By Janes Bence Dominik | 2026-04-20

What Is AI Hallucination? When Not to Believe a Word It Says

If you've used ChatGPT or any other AI chatbot, you've probably run into this: the AI states something confidently that turns out to be completely wrong. This is called AI hallucination and knowing when it happens makes you a far more effective user.

If you've spent any time with ChatGPT, Claude, or Gemini, you've probably seen it happen. You ask something, the AI gives a detailed, confident-sounding answer and then you look it up and realize it simply isn't true. The cited article doesn't exist. The statistic was invented. The person named never did what the AI described.

This is called AI hallucination, and it's one of the most important things to understand if you're going to use these tools effectively.

What exactly is AI hallucination?

AI hallucination means that a language model generates information that is false or nonexistent, while presenting it with apparent confidence and coherence.

The term is a bit misleading: the AI isn't seeing things or daydreaming. "Hallucination" here refers to the fact that the model produces content that looks and sounds real, but isn't.

Why does it happen?

Large language models like ChatGPT, Claude, and Gemini learn from enormous amounts of text.
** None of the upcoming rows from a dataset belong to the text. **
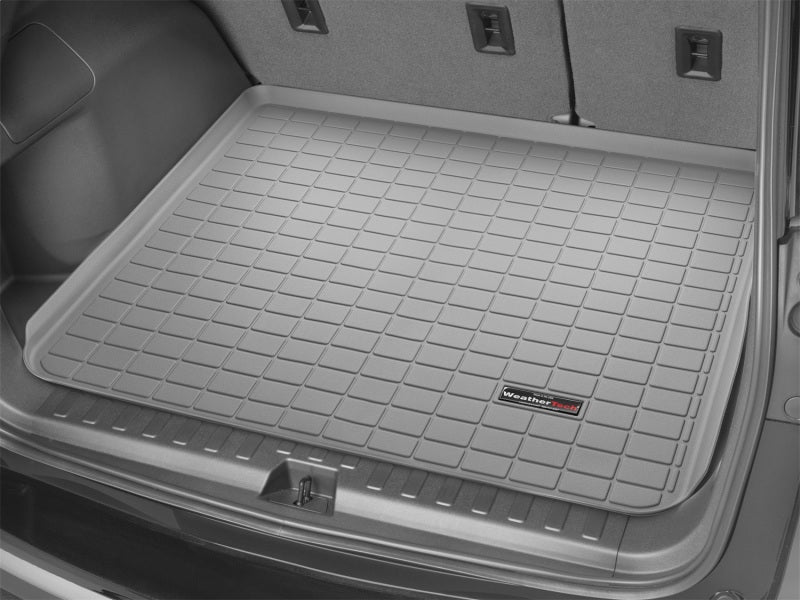 WeatherTech 2018+ Nissan Leaf Cargo Liner - Grey for Complete Trunk Protection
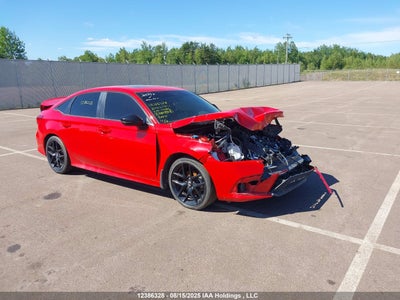 HONDA CIVIC 2024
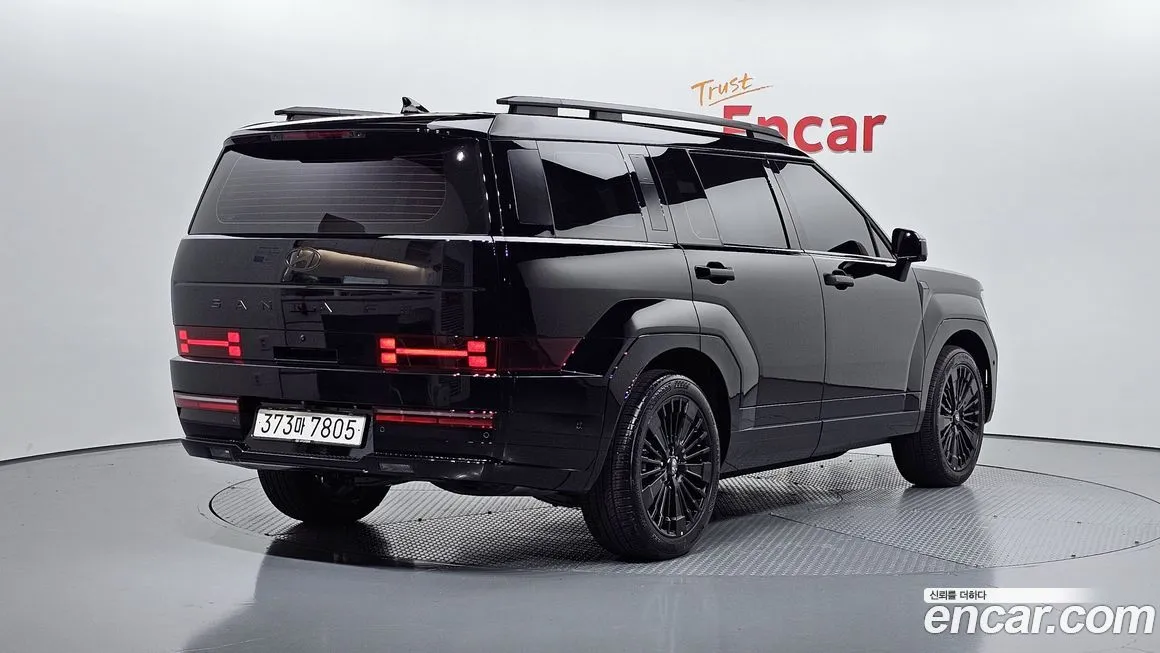 Hyundai Santafe — фото 2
They learn how words, sentences, and ideas follow each other. But they don't have genuine knowledge of the world, and they don't verify information against real sources.
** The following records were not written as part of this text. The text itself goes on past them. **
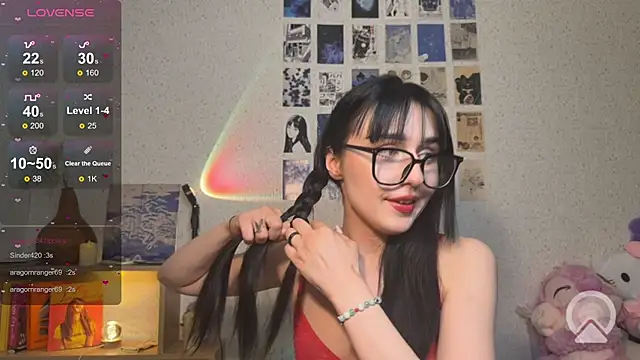 Snapshot of alicelanei chatting on 04-12-26, 07:52 alicelanei online show from 04-12-26, 07:52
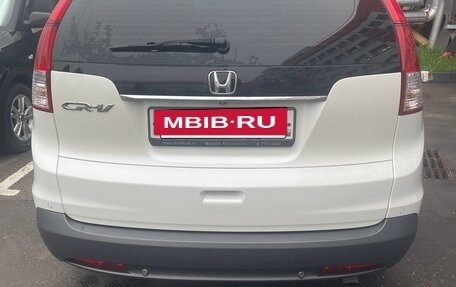 Honda CR-V IV, 2013 год, 1 930 000 рублей, 15 фотография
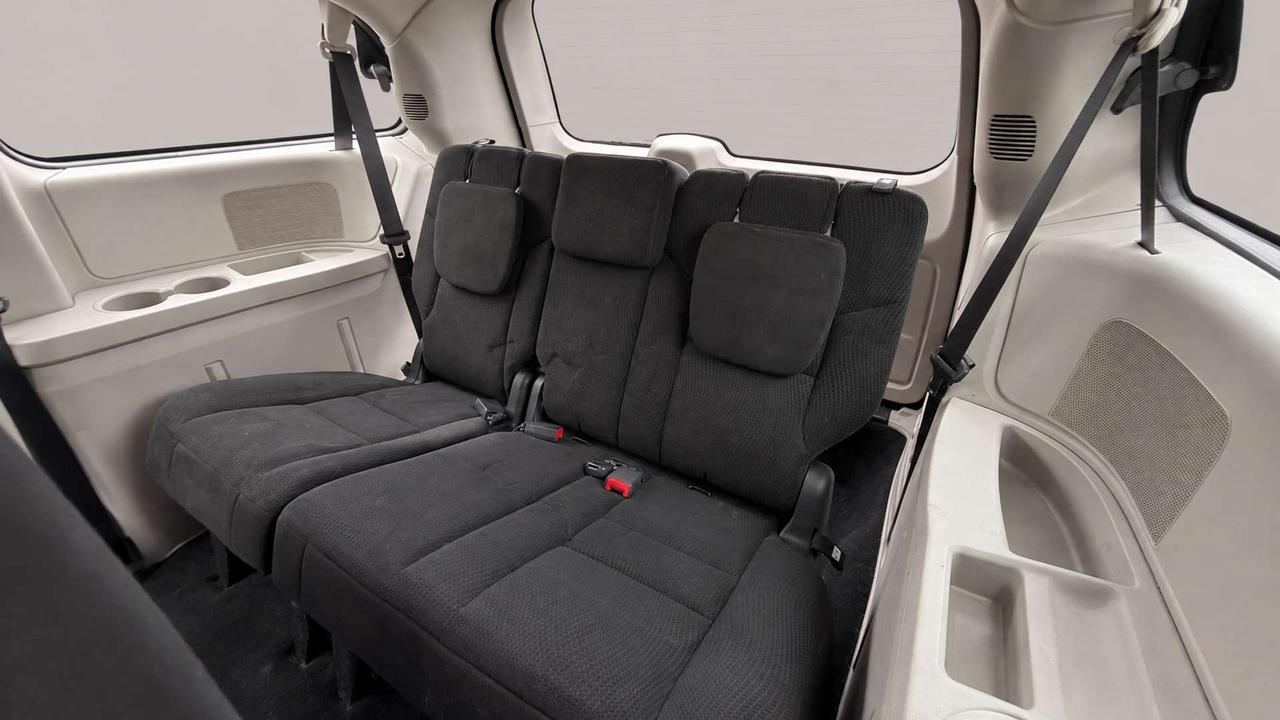 2017 Dodge Grand Caravan CVP   Certified   NO Accident Photo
When they don't know something for certain, they don't say "I don't know." Instead, they generate something that fits the expected shape of an answer. That's the core problem.

Three common patterns:

1. Fabricated references. You ask for sources on a topic, and the AI produces a perfectly formatted citation: author, year, journal title. You search for it. It doesn't exist.

2. Wrong facts. "Who won the gold medal in X event at the 1984 Olympics?" You might get a name. Just not the right one.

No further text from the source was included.